Mitt Romney ran for president on a central theme: The economy isn't getting better. To illustrate this, he pointed to our Gross Domestic Product, or GDP, which measures the output of all goods and services in our economy. By this metric, the economy has been growing, although slowly.
But Eric Zencey, a political economist with the Gund Institute for Ecological Economics at the University of Vermont, wants you to understand just what GDP is actually telling us.
"I think GDP should re-named, so that we don't mistake it for a measure of well-being. I think we should call it gross domestic transactions," said Zencey. "That's all it is, it totes up the monetary value of all the transactions. And if it had that name that would help break the association people have with the idea that more GDP is better. It's like hmmm, more transactions are better? Well it depends on what you're transacting."
For example, the billions of dollars that are pouring into post Sandy clean-up will boost our GDP as money changes hands. Of course, a lot of shuttered businesses will hamper GDP growth.
So does all this adding and subtracting give us a real measure of economic progress? Zencey is part of the movement that doesn't think so.
"So the movement for kind of a sane approach to the economy is to measure the actual thing you're trying to do, which is improve the living standards and well-being of people."
When I first spoke with Zencey a few years ago, he and others like him were largely ignored by mainstream economists and policymakers. They still are. But the movement is gaining some momentum.

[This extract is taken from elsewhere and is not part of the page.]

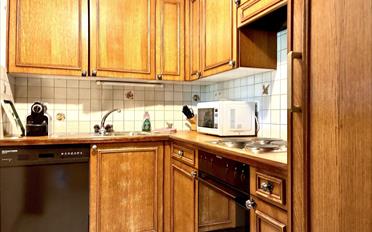 Appartement 2 pièces - image - 5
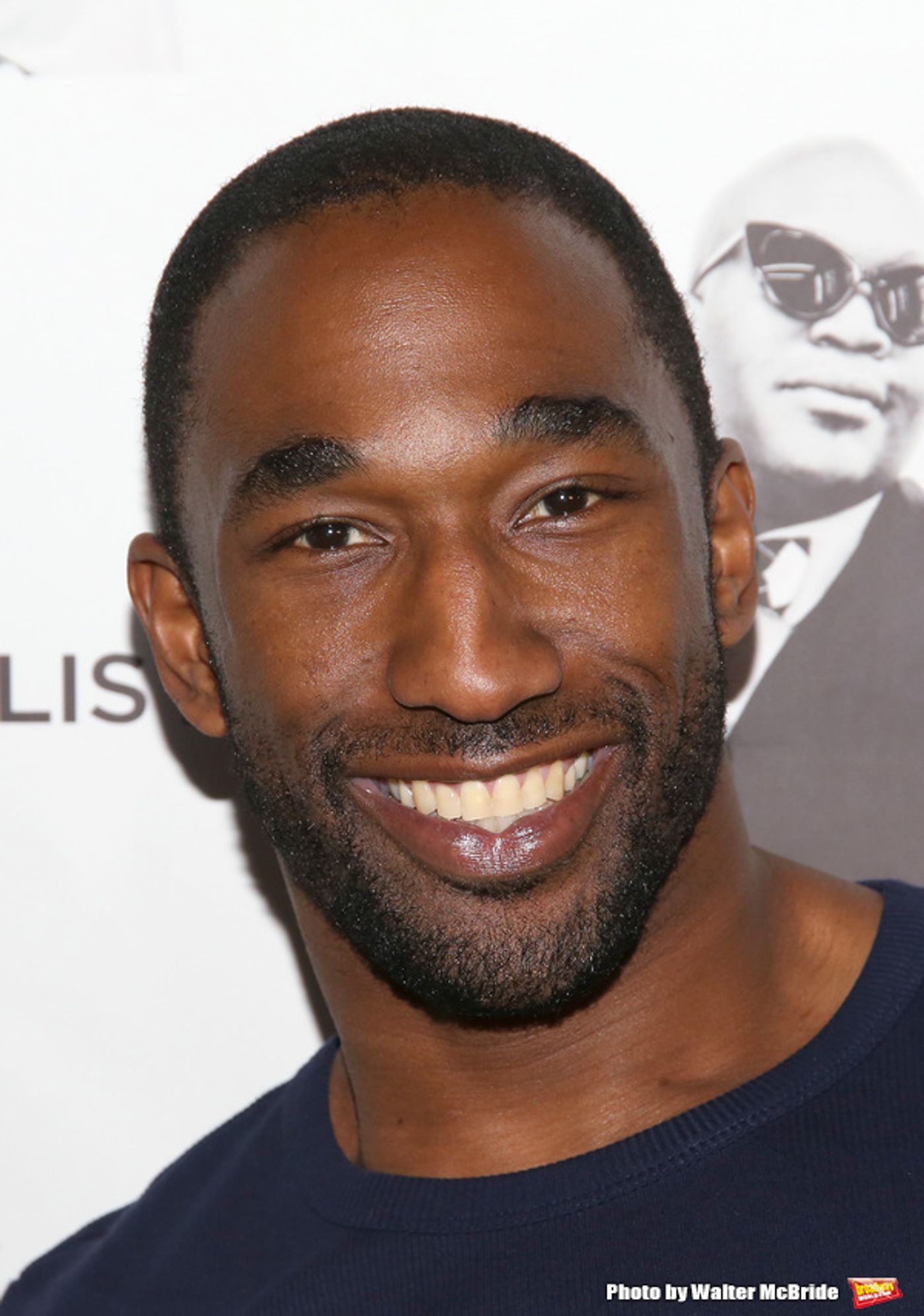 Photo Coverage: Tituss Burgess Celebrates the Launch of His New Pinot!  Image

This spring, some 600 international scholars and leaders gathered at the United Nations to discuss happiness and well-being as measures of economic progress. The meeting was convened by the kingdom of Bhutan, which is known for its Gross National Happiness index. Several states, including Vermont, have also begun measuring well-being to gauge economic vitality.
Many still dismiss these ideas as flaky, anti-consumer, or radical left-wing political engineering. Still, some big names are giving them credence. Here's Fed Chairman Ben Bernanke this summer.
But just how do you quantify well-being? Last year, the Organization for Economic Co-Operation and Development, or the OECD, based in Paris unveiled its "Better Life Index." They have a very cool Web site where you can compare how 36 countries stack up on a variety of measures, things like levels of education, health, and your sense of community.
Anthony Gooch with the OECD said no one country comes off as the overall winner. Determining the strongest economies depends on what you value. If you care about life satisfaction, Denmark is the place to be. If safety is your thing, then it's Japan.
"The US performs very strongly on quality of housing, on income, it performs strongly on civic engagement," said Gooch. "It performs pretty well on jobs. There are some areas where it doesn't do so strongly, for example the sense of work life balance compared to the other 35 countries isn't strong."
So where does all of this new economic thinking go from here? I put that question to Eric Zencey in Vermont.
"Yea, what is the path ahead? What kind of strategies are there? And that's a very difficult question…"
Zencey concedes, it'll be difficult to get policymakers to subscribe to these new economic measures. But with the campaigns now over, politicians don't need to worry about every week's economic indicator. And that might open the door to some new ways of thinking… at least until the next campaign cycle.